In four weeks, I would start an internship at Climbing magazine, a small step toward a real career. I wanted to be a writer. I wanted to sit in front of a computer, and stare at a monitor til my eyes lost focus, arranging twenty-six letters into something understandable. Though I worried that my brain might plop out of my head, the internship gave me a direction. Boulder, Colorado. And with another move, I needed money, so the bussing job made sense. It was temporary, I hoped. I did not want to get stuck in a vortex of a gypsy life style, moving from one climbing destination to another without ever settling down. Either way, I would not remain a bus boy nor would I stay in Peshastin. I was going places.

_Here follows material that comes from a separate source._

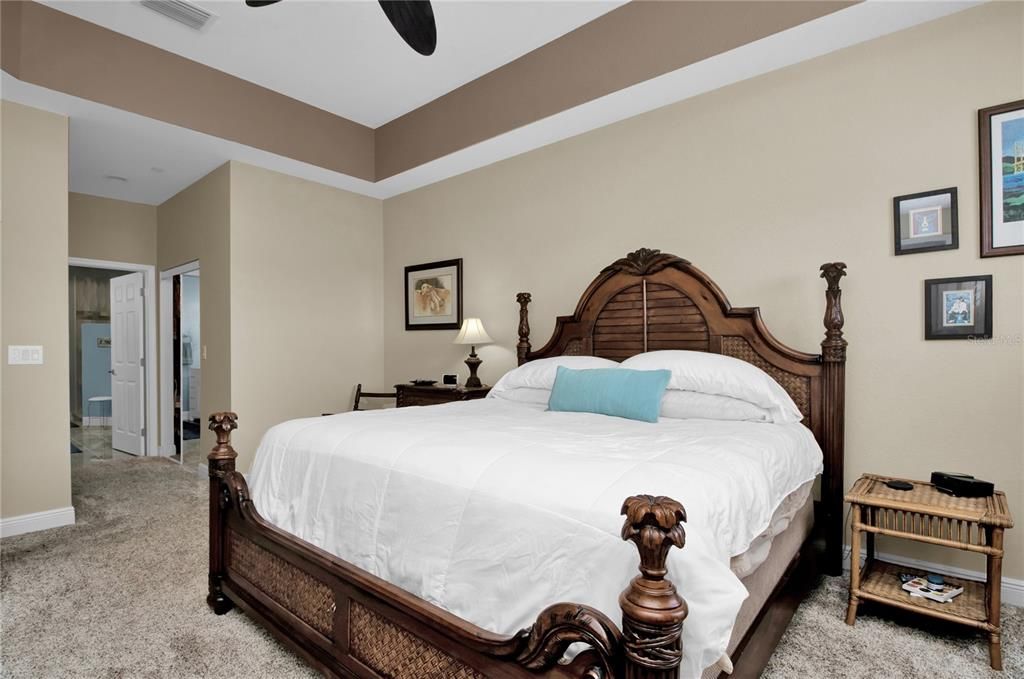 For Sale: $519,000 (3 beds, 3 baths, 2269 Square Feet)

I wished I could remember where the Peshastin house was as I biked back past the tavern, then past the post office, then past the tavern again. I tried to settle everything out in my head. I knew what I was riding: my single-speed. I knew how I got to Washington and I knew that I would leave soon too. I knew where I was and where I would end up but nothing in between. I was Leavenworthless.